Writing prayer letters can be one of the most frustrating, daunting, and futile tasks of a missionary’s life. Think about it. You have a few hundred words to communicate months of ministry work. You live in a world with strange customs and foreign people. Your audience is one that ranges from 8-year-old boys to 80-year-old women. And to top it off, you may only get your readers’ attention for a few lines. Lose them early and the whole letter (or email) may end up in the wastebasket.
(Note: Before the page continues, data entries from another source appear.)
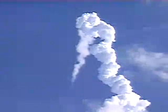Columbia now 43 miles down range, 35 miles in altitude, traveling 3,200 miles an hour. The propulsion officer in mission control reporting that the orbital maneuvering system engines have ignited, providing Columbia with a boost uphill for the next 90 seconds.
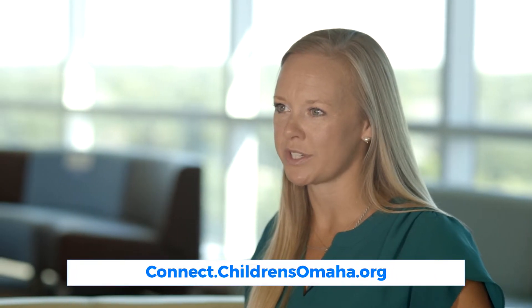If you haven't done so, I encourage you to download the Children's Connect app through your device's app store. This will allow us to streamline your experience connecting with your providers and care teams, as well as optimizing your ability to be seen here at Children's Hospital.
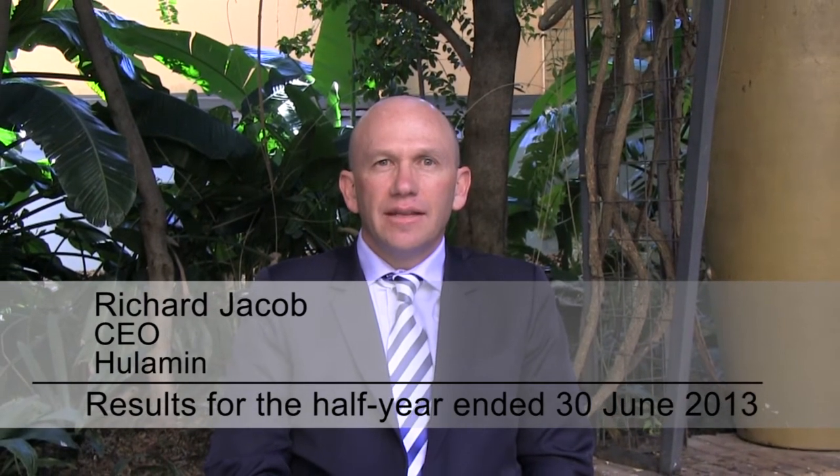Huleman produced a very pleasing set of results in the first half of 2013. In fact, it's our best operating profit before metal price lag and exceptional items since 2006. That's really on the back of retained control over costs and expenditure, reasonable operating performance, and of course the weaker RAND, which as Huleman has always been an export-exposed business, the weaker RAND flows straight through into operating profit.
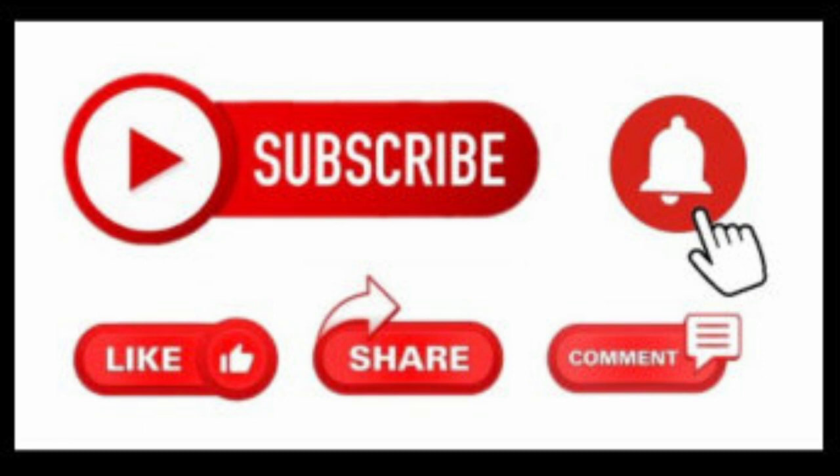I will endeavor to upload a new video each week, so make sure you subscribe and hit that notification bell to know when I have uploaded a new video. I hope you will enjoy this content and continue to come back for more.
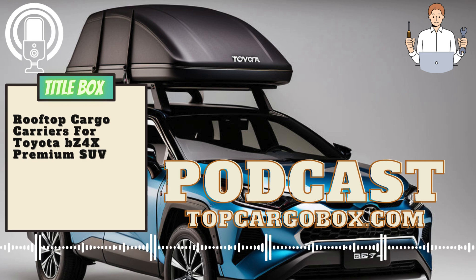In conclusion, there are several excellent cargo carriers available for the Toyota Avalon TRD Sedan, each offering unique features and benefits. Whether you prefer a rooftop cargo carrier or a rear-mounted cargo carrier, there is a perfect option out there for your needs. Make sure to consider factors such as storage space, ease of installation, and durability when choosing the best cargo carrier for your Toyota Avalon TRD Sedan.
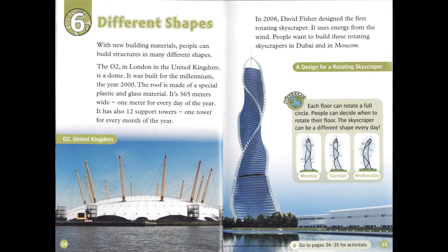Chapter 6: Different Shapes. With new building materials, people can build structures in many different shapes. The O2 in London, in the United Kingdom, is a dome. It was built for the millennium, the year 2000. The roof is made of a special plastic and glass material. It's 365 meters wide — one meter for every day of the year. It also has 12 support towers, one tower for every month of the year.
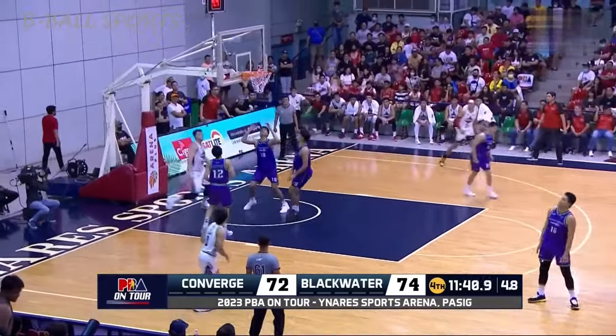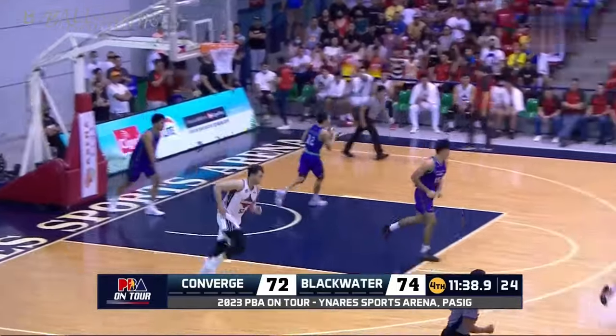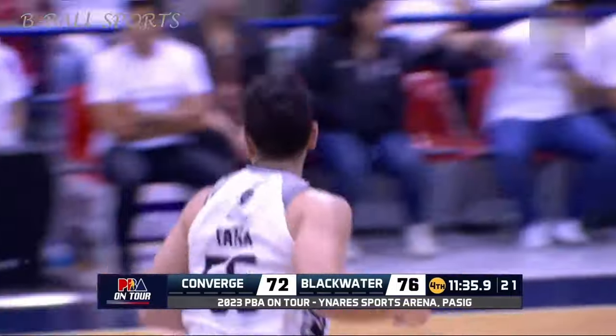Taha — look at that! What a sidestep from the big guy. Yeah, it's good footwork there by Taha, finishing with his right hand.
As an English teacher at a school for missionary children in Kenya, I grade hundreds of essays and short stories every year, pushing and prodding students toward good writing. The same rules apply for good writing in whatever form it takes: poetry, novels, even prayer letters. Here are five rules that can bring interest and excitement to your next prayer letter:

1. Word pictures. One of my main rules of writing is “show, don’t tell.” Every detail you use deserves the best possible description. Don’t say the man’s feet were “ugly”; show them to be “as dry and cracked as the parched earth over which he had walked every day of his fifty-nine years.” Don’t say the meeting was “good” or “productive”; describe how the “conversation continued long after the plastic plates and soda bottles were empty.” It may seem like this is a waste of words when you are already crunched for space, but one well-described scene will be more effective in touching your readers’ hearts than an entire paragraph of facts and information. Small but powerful details will make your world come alive to supporters.
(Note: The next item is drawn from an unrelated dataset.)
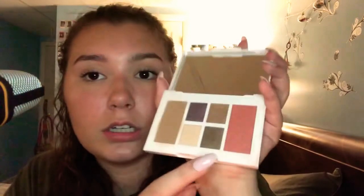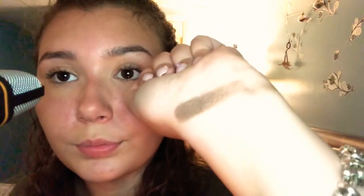The first palette I have is the Laura Geller Southampton Classic. I got this palette at TJ Maxx. Here is the inside of the palette — there is a blush, bronzer, and four eyeshadow shades. I'm going to go ahead and swatch the brown shade. Here is the color — a very pretty brown color.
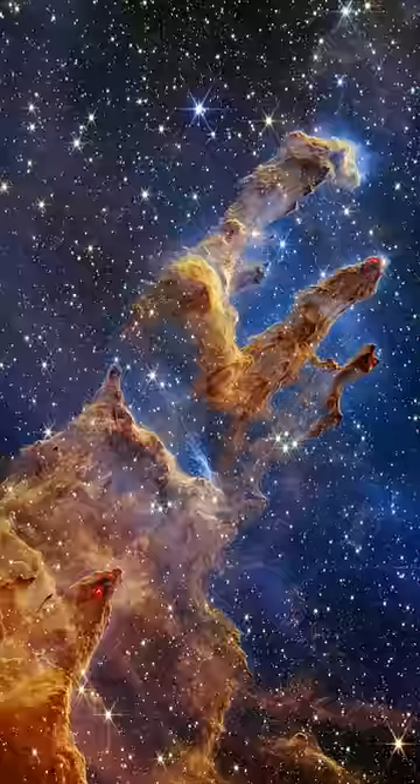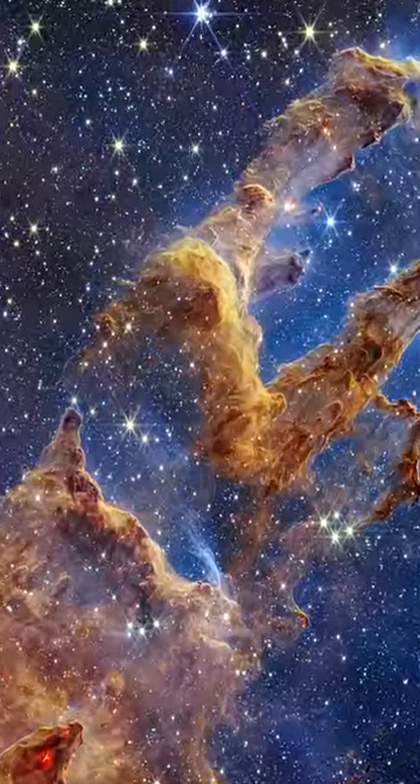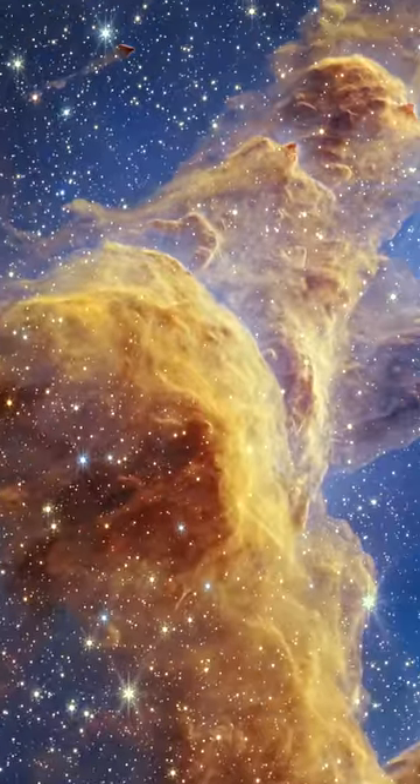They were first imaged by the Hubble in 1995. The Pillars themselves are only a few light years long, composed of cold dust and gas that used to hide the star-forming regions inside.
2. Vivid characters. Jesus’ primary teaching device was parables which often featured people. The prodigal son, the widow who gave her mite, the unforgiving debtor, the man throwing a banquet—all are characters who live today in the minds of Christians worldwide. With each of these vivid characters was a lesson that lives on today. Pastors sometimes rave on and on about “shoulds” and “oughts” in their sermons; however, when they begin to tell a story, ears perk up. As readers, we latch on to stories as well. Sharing with supporters an individual life of a person to whom you are ministering can be a window into the work you are doing. My wife and I feature a different student in every letter. We try to include facts, personality traits, and their parents’ ministry (to show how we connect to the work of other “frontline” missionaries). A few well-chosen details (not a lot of biographical data) can make a person so real to your readers that they will ask you about a person by name on your next home assignment.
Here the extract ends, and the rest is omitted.